"""

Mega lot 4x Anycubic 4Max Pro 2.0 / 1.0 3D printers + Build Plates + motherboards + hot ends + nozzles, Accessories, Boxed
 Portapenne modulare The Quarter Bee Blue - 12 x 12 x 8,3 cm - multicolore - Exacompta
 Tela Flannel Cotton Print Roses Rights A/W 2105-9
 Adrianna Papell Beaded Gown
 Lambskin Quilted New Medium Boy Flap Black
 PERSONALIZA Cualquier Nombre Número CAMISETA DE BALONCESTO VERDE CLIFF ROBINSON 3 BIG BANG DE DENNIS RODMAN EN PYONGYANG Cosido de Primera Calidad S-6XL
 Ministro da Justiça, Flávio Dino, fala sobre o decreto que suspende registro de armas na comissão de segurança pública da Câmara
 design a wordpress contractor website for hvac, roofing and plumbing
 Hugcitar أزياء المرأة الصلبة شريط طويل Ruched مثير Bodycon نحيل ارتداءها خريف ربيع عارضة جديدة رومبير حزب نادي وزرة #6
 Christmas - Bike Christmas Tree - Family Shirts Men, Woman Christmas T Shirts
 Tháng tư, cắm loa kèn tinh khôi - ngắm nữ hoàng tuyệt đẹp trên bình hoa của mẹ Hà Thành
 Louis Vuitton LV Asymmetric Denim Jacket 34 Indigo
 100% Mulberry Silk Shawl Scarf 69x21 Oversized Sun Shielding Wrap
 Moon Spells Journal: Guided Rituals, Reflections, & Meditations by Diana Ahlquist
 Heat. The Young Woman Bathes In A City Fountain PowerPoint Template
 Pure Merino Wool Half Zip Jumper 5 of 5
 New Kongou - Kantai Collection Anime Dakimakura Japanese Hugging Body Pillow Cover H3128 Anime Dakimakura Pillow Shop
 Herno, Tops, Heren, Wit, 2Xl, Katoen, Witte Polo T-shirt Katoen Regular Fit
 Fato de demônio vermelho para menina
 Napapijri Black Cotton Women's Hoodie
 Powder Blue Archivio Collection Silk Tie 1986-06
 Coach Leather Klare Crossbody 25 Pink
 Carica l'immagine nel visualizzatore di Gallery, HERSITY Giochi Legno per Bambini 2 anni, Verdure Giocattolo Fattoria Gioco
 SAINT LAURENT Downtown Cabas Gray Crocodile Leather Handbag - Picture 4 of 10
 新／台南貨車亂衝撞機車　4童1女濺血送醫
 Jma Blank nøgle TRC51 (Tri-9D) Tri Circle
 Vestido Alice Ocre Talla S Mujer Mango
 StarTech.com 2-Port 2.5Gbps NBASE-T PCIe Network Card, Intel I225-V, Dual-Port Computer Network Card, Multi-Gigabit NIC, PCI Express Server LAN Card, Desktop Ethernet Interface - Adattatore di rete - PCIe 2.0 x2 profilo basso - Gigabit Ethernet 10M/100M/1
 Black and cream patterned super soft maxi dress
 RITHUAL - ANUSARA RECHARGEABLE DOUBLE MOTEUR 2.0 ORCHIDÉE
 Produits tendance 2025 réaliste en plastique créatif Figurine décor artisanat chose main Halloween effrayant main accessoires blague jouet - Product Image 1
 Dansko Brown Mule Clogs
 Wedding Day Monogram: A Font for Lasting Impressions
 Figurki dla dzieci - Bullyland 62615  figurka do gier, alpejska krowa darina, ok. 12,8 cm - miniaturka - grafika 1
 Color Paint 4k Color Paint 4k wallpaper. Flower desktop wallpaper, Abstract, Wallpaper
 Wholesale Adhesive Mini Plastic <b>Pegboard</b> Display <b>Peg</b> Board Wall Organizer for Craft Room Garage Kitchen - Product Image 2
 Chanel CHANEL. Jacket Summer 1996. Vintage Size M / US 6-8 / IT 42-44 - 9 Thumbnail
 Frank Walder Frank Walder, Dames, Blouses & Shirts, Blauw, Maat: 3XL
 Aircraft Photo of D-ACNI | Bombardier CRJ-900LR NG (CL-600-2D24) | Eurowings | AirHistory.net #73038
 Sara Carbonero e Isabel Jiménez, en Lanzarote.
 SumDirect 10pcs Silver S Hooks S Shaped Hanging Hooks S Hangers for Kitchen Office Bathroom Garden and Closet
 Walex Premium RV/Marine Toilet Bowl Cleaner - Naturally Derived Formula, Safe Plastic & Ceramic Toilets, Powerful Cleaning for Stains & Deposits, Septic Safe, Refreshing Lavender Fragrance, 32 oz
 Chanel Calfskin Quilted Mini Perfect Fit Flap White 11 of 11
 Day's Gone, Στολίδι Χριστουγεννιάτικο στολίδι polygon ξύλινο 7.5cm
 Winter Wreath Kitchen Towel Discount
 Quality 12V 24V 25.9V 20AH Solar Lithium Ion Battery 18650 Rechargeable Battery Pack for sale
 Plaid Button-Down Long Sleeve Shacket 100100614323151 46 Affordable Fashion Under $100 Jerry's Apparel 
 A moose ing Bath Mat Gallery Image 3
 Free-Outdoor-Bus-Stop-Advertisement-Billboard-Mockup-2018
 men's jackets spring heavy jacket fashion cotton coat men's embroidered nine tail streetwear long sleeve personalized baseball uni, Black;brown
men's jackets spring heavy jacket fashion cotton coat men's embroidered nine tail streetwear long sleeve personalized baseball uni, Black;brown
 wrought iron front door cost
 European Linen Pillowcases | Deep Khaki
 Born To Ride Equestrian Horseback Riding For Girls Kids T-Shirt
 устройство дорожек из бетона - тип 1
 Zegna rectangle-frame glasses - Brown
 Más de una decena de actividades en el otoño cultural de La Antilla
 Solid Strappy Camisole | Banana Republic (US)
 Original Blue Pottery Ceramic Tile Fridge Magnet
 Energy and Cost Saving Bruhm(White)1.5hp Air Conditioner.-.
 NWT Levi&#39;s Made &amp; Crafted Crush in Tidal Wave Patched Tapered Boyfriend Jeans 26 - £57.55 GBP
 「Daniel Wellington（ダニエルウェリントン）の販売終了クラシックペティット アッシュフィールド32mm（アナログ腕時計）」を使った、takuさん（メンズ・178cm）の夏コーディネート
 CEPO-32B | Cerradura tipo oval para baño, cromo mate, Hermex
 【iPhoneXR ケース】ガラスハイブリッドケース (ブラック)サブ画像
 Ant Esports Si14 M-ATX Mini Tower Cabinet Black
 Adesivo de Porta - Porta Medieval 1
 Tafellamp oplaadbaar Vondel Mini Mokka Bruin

"""

Above are the records. Copy the lines beginning at the one that has "Figurki dla dzieci" and ending with the one that has "Chanel CHANEL. Jacket", unchanged.

 Figurki dla dzieci - Bullyland 62615  figurka do gier, alpejska krowa darina, ok. 12,8 cm - miniaturka - grafika 1
 Color Paint 4k Color Paint 4k wallpaper. Flower desktop wallpaper, Abstract, Wallpaper
 Wholesale Adhesive Mini Plastic <b>Pegboard</b> Display <b>Peg</b> Board Wall Organizer for Craft Room Garage Kitchen - Product Image 2
 Chanel CHANEL. Jacket Summer 1996. Vintage Size M / US 6-8 / IT 42-44 - 9 Thumbnail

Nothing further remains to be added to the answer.